*Directions:*
In your answer, repeat each line of the data exactly.

______________________________

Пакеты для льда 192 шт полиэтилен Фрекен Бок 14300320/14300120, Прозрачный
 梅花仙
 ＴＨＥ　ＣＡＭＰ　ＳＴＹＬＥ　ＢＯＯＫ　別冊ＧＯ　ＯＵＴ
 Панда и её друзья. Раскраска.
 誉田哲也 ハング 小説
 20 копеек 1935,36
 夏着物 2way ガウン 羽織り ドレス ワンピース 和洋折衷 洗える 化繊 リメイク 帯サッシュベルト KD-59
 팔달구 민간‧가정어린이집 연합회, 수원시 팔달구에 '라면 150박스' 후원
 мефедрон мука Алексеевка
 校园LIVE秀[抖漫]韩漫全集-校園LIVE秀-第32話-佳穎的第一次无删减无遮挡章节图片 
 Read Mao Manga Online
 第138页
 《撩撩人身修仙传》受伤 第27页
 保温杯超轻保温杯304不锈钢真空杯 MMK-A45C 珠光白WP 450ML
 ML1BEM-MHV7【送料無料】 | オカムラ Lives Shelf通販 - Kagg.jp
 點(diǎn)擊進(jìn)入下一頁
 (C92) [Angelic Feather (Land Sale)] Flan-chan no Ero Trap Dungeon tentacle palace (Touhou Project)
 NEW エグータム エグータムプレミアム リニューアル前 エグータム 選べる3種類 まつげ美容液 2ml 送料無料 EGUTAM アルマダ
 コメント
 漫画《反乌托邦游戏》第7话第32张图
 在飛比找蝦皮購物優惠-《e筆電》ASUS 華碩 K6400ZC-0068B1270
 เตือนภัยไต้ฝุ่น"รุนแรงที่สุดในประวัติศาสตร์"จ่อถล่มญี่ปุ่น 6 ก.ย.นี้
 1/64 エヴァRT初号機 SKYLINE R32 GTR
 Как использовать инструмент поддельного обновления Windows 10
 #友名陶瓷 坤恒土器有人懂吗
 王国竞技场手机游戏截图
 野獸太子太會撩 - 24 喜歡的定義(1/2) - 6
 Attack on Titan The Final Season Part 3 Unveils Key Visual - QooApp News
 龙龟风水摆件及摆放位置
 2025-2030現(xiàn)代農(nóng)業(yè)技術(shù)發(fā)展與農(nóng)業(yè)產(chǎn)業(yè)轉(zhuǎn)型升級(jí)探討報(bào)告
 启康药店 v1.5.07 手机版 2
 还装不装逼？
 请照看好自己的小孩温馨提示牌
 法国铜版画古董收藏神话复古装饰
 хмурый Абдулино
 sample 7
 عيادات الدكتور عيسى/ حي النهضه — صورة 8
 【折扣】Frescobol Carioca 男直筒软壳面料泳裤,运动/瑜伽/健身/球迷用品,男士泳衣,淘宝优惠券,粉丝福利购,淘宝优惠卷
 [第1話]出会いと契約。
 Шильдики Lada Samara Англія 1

______________________________

*Written answer:*
Пакеты для льда 192 шт полиэтилен Фрекен Бок 14300320/14300120, Прозрачный
 梅花仙
 ＴＨＥ　ＣＡＭＰ　ＳＴＹＬＥ　ＢＯＯＫ　別冊ＧＯ　ＯＵＴ
 Панда и её друзья. Раскраска.
 誉田哲也 ハング 小説
 20 копеек 1935,36
 夏着物 2way ガウン 羽織り ドレス ワンピース 和洋折衷 洗える 化繊 リメイク 帯サッシュベルト KD-59
 팔달구 민간‧가정어린이집 연합회, 수원시 팔달구에 '라면 150박스' 후원
 мефедрон мука Алексеевка
 校园LIVE秀[抖漫]韩漫全集-校園LIVE秀-第32話-佳穎的第一次无删减无遮挡章节图片 
 Read Mao Manga Online
 第138页
 《撩撩人身修仙传》受伤 第27页
 保温杯超轻保温杯304不锈钢真空杯 MMK-A45C 珠光白WP 450ML
 ML1BEM-MHV7【送料無料】 | オカムラ Lives Shelf通販 - Kagg.jp
 點(diǎn)擊進(jìn)入下一頁
 (C92) [Angelic Feather (Land Sale)] Flan-chan no Ero Trap Dungeon tentacle palace (Touhou Project)
 NEW エグータム エグータムプレミアム リニューアル前 エグータム 選べる3種類 まつげ美容液 2ml 送料無料 EGUTAM アルマダ
 コメント
 漫画《反乌托邦游戏》第7话第32张图
 在飛比找蝦皮購物優惠-《e筆電》ASUS 華碩 K6400ZC-0068B1270
 เตือนภัยไต้ฝุ่น"รุนแรงที่สุดในประวัติศาสตร์"จ่อถล่มญี่ปุ่น 6 ก.ย.นี้
 1/64 エヴァRT初号機 SKYLINE R32 GTR
 Как использовать инструмент поддельного обновления Windows 10
 #友名陶瓷 坤恒土器有人懂吗
 王国竞技场手机游戏截图
 野獸太子太會撩 - 24 喜歡的定義(1/2) - 6
 Attack on Titan The Final Season Part 3 Unveils Key Visual - QooApp News
 龙龟风水摆件及摆放位置
 2025-2030現(xiàn)代農(nóng)業(yè)技術(shù)發(fā)展與農(nóng)業(yè)產(chǎn)業(yè)轉(zhuǎn)型升級(jí)探討報(bào)告
 启康药店 v1.5.07 手机版 2
 还装不装逼？
 请照看好自己的小孩温馨提示牌
 法国铜版画古董收藏神话复古装饰
 хмурый Абдулино
 sample 7
 عيادات الدكتور عيسى/ حي النهضه — صورة 8
 【折扣】Frescobol Carioca 男直筒软壳面料泳裤,运动/瑜伽/健身/球迷用品,男士泳衣,淘宝优惠券,粉丝福利购,淘宝优惠卷
 [第1話]出会いと契約。
 Шильдики Lada Samara Англія 1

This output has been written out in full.